[Brief descriptive captions]
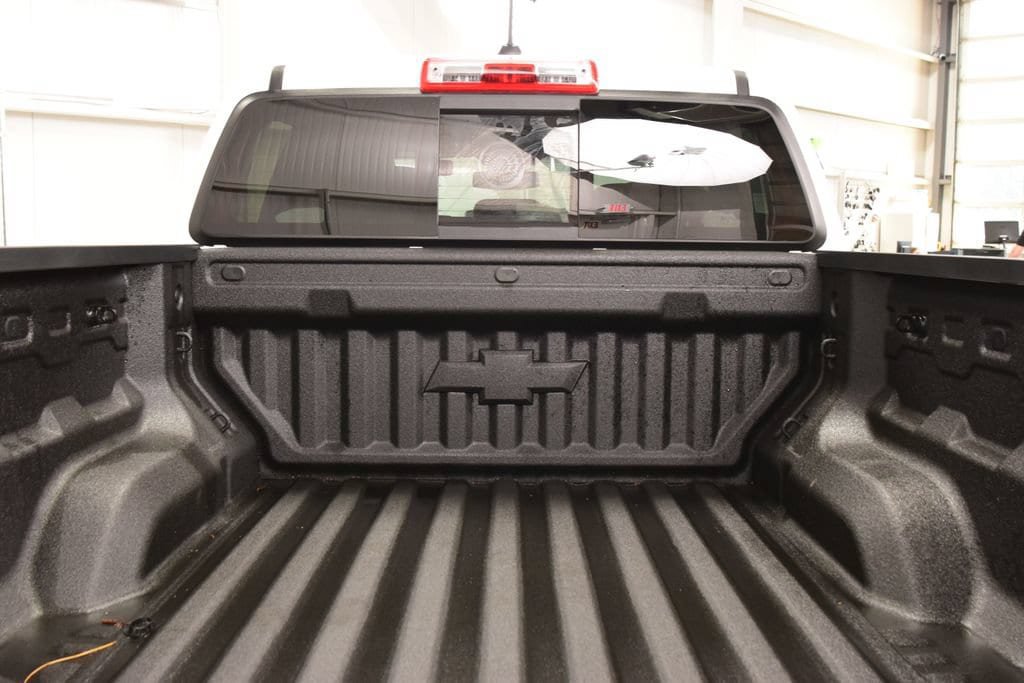 New 2026 Chevrolet Colorado ZR2 w/ Technology Package AWD/4WD image 28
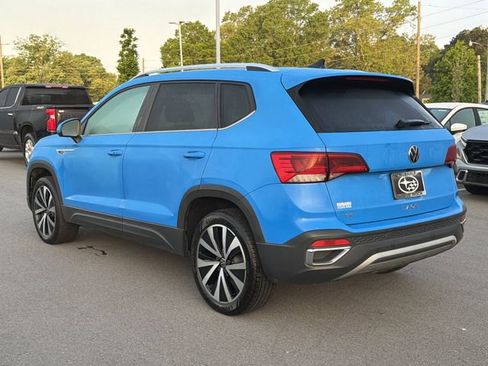 Used 2023 Volkswagen Taos SE FWD image 5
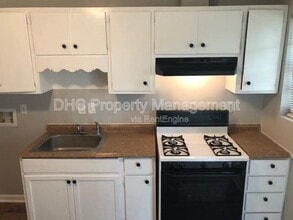 6505 Raymond Dr in Union City, GA - Building Photo - Building Photo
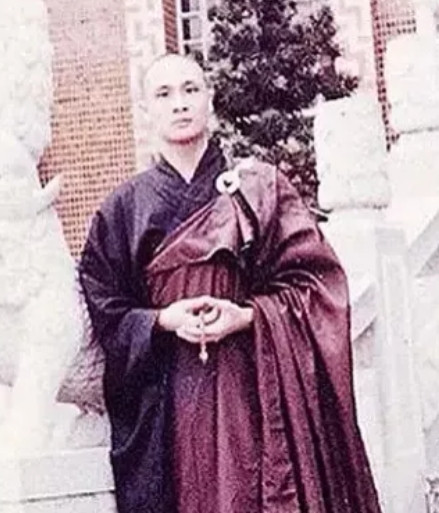 1982年，吴镇宇第三次落榜TVB培训班，剃了头准备出家修行。第四次踏进考场，考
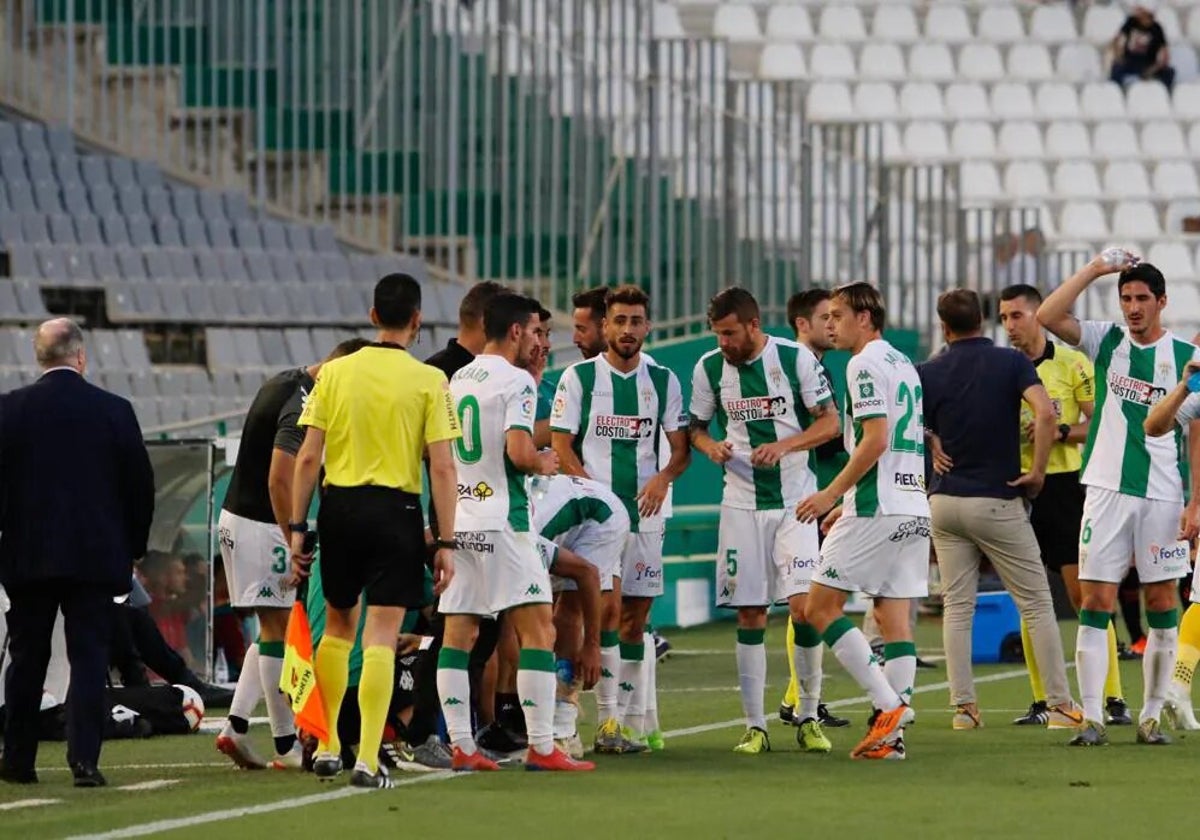 Futbolistas del Córdoba CF en la temporada 18/19 en un encuentro a domicilio frente al Osasuna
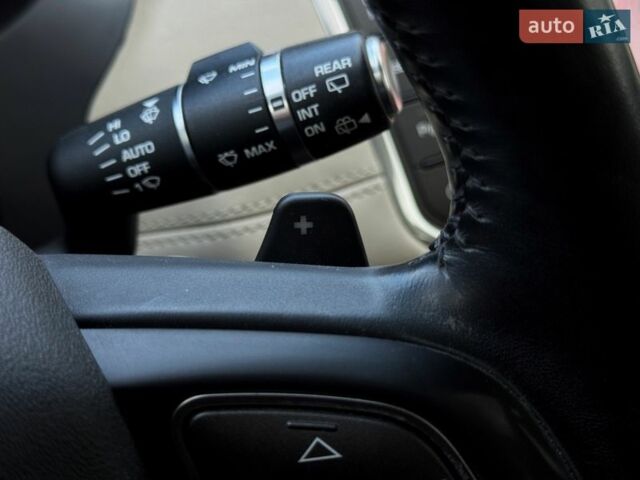 Білий Ленд Ровер Рендж Ровер Евок, об'ємом двигуна 2 л та пробігом 90 тис. км за 18999 $, фото 27 на Automoto.ua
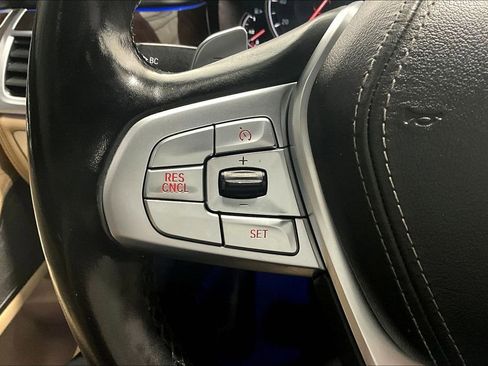 Used 2019 BMW 750i xDrive w/ Executive Package image 24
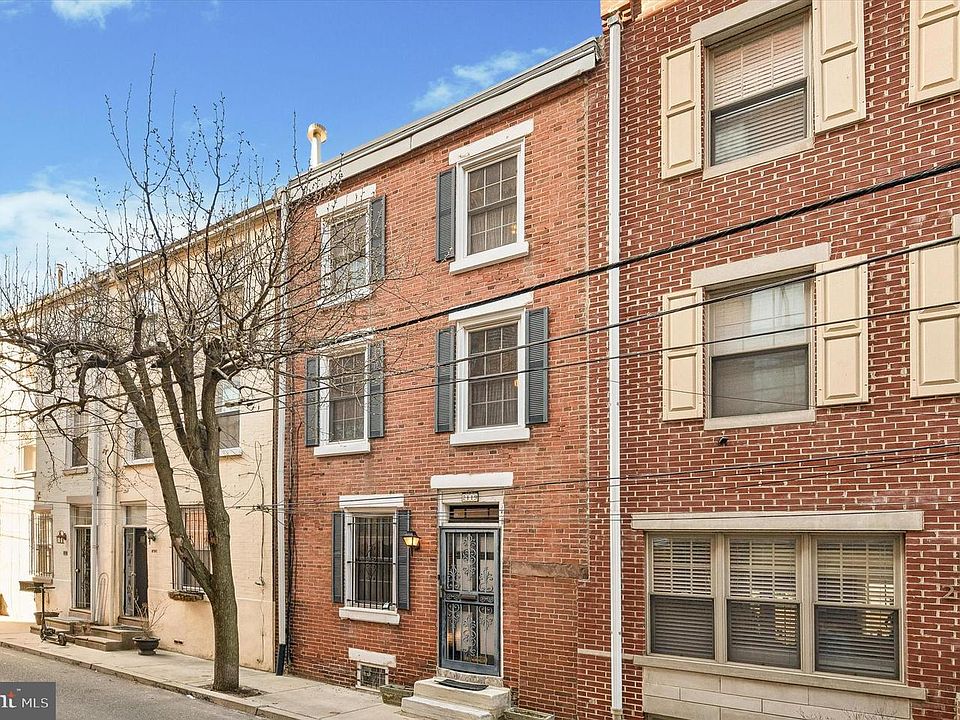 1st image of 2119 Rodman St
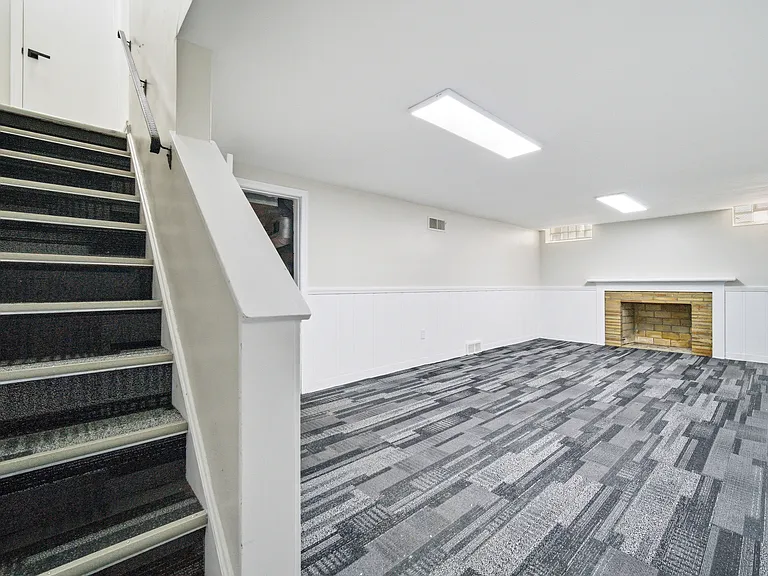 4037 Washington Blvd — Photo 29
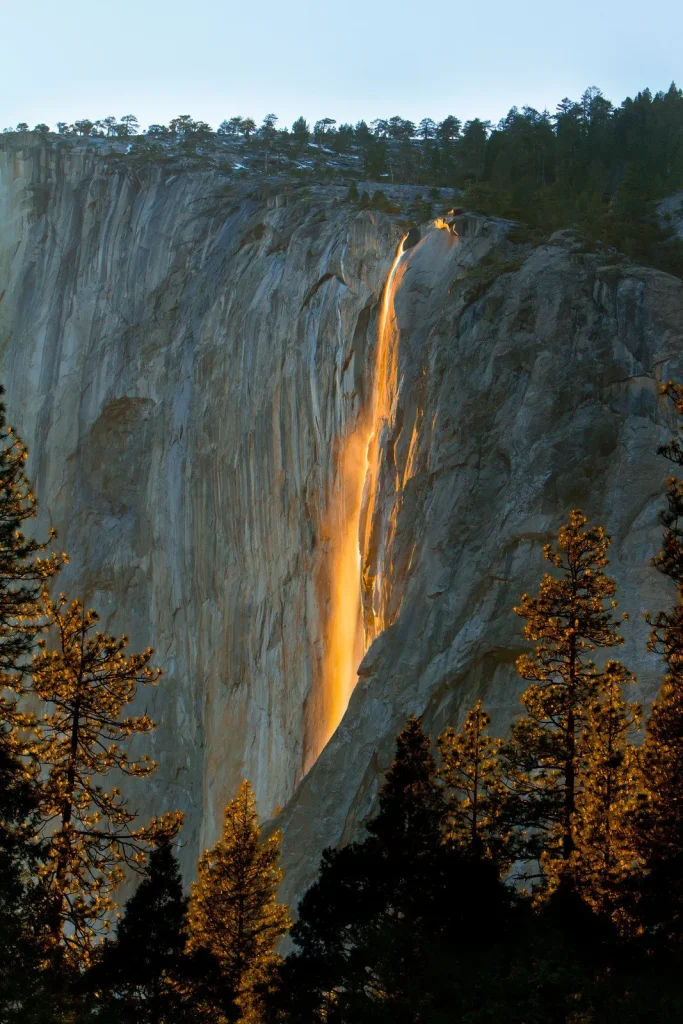 Cascade de feu Yosemite : Tout savoir sur Horsetail fall, la chute de feu du Yosemite 3 Horsetail fall la chute de feu du Yosemite 1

* What the exercise asks *
Images are to be excluded, and each record above written out word for word.

* Exercise result *
 New 2026 Chevrolet Colorado ZR2 w/ Technology Package AWD/4WD image 28
 Used 2023 Volkswagen Taos SE FWD image 5
 6505 Raymond Dr in Union City, GA - Building Photo - Building Photo
 1982年，吴镇宇第三次落榜TVB培训班，剃了头准备出家修行。第四次踏进考场，考
 Futbolistas del Córdoba CF en la temporada 18/19 en un encuentro a domicilio frente al Osasuna
 Білий Ленд Ровер Рендж Ровер Евок, об'ємом двигуна 2 л та пробігом 90 тис. км за 18999 $, фото 27 на Automoto.ua
 Used 2019 BMW 750i xDrive w/ Executive Package image 24
 1st image of 2119 Rodman St
 4037 Washington Blvd — Photo 29
 Cascade de feu Yosemite : Tout savoir sur Horsetail fall, la chute de feu du Yosemite 3 Horsetail fall la chute de feu du Yosemite 1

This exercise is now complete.